EX-10.93 8 v96430exv10w93.txt EXHIBIT 10.93 EXHIBIT 10.93 * CERTAIN CONFIDENTIAL INFORMATION CONTAINED IN THIS DOCUMENT, MARKED BY THE BRACKETS, HAS BEEN OMITTED AND FILED WITH THE SECURITIES AND EXCHANGE COMMISSION PURSUANT TO RULE 24b-2 OF THE SECURITIES EXCHANGE ACT OF 1934, AS AMENDED. AMENDMENT NO. 4 TO ENBREL SUPPLY AGREEMENT THIS AMENDMENT NO. 4 TO ENBREL SUPPLY AGREEMENT (this "Amendment") is effective as of October 31, 2003 between and among Genentech Inc., a Delaware corporation ("Genentech"), and Immunex Corporation, a Washington corporation and a wholly owned subsidiary of Amgen Inc. ("Immunex") (collectively the "Parties"). Genentech and Immunex are parties to that certain Enbrel Supply Agreement dated April 12, 2002, as amended by that certain Amendment No. 1 to Enbrel Supply Agreement dated September 20, 2002, that certain Amendment No. 2 dated July 16, 2002 and that certain Amendment No. 3 to Enbrel Supply Agreement dated March 26, 2003 (as amended, the "Agreement").
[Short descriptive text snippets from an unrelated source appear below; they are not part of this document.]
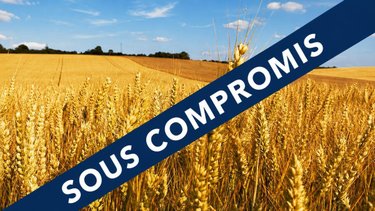 Terrains de loisirs bois etangs a vendre Rosporden 29140 Finistère 128965 m2  79500 euros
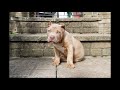 AMERICAN BULLY XL RARE LILAC GHOST TRI BABY PUPPY (RICO) IN THE UK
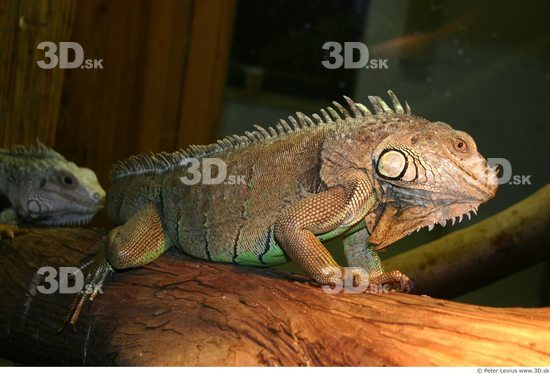 Upper Body Iguana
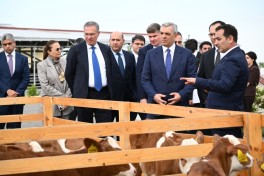 Əlaqələndirmə Qərargahının növbəti iclası Ağdərə şəhərində keçirilib - FOTO  - YENİLƏNİB 
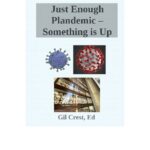 خرید و دانلود نسخه کامل کتاب Just Enough Plandemic – Something is Up, Unraveling the Narrative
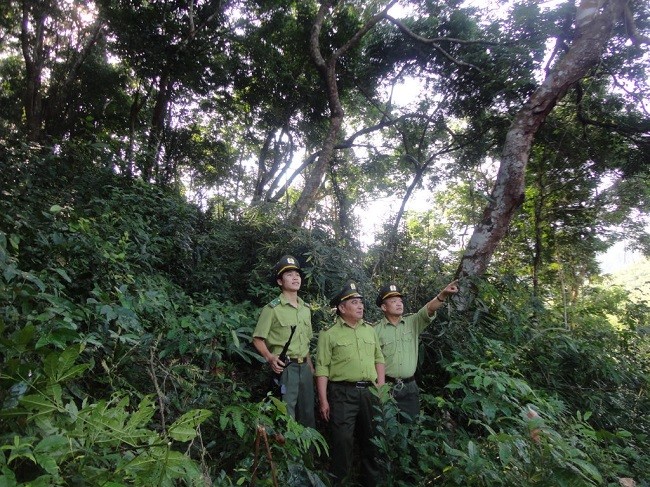 Tăng cường các biện pháp ngăn chặn, xử lý tình trạng phá rừng tự nhiên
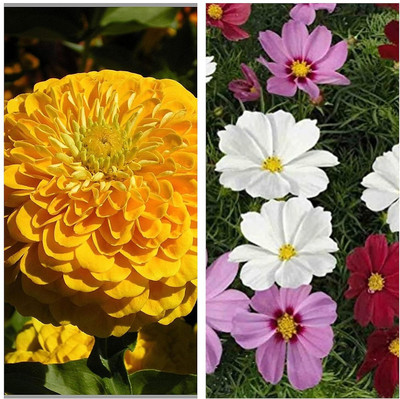 LPR MIX COMBO, FLOWER COMBOO Seed(25 per packet)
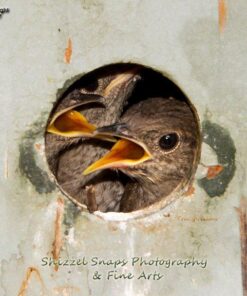 RFN-4s Wireless Remote Shutter Release for Nikon DSLR with MC30 Type Connection (Nikon D200, D300, D300s, D500, D700, D800, D800E, D810, D1, D2, D3, D3x, D3s, D4, D5) - Transmitter and Receiver Set 31 510hWUQbEL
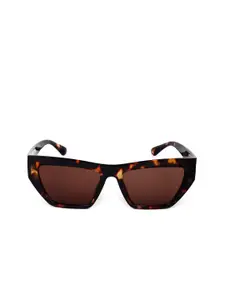 ODETTE Women Brown Lens & Brown Browline Sunglasses - DIW244-Black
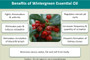 Wintergreen Essential Oil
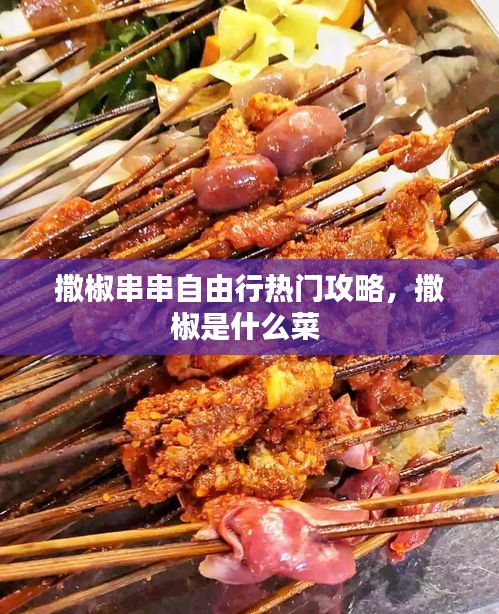 撒椒串串自由行熱門攻略，撒椒是什么菜 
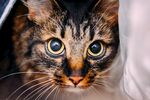 猫猫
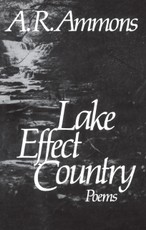 Lake Effect Country: Poems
WHEREAS Genentech had initially provided Immunex with a forecast which provided that [*]; WHEREAS Immunex requested that [*]; WHEREAS Genentech has agreed to [*]; WHEREAS in order to accommodate Immunex's request for [*], Genentech has had to [*]; WHEREAS the Parties are agreeable to [*]; WHEREAS the Parties are agreeable to [*]. NOW, THEREFORE, for good and valuable consideration, the receipt and sufficiency of which are hereby acknowledged, the Parties agree as follows: 1. Exhibit A to the Enbrel Supply Agreement is deleted in its entirety and replaced with the following: * Confidential Treatment Requested.
Calendar Year Minimum Runs* Maximum Runs* ------------- ------------- ------------- [*] [*] [*] [*] [*] [*] [*] [*] [*]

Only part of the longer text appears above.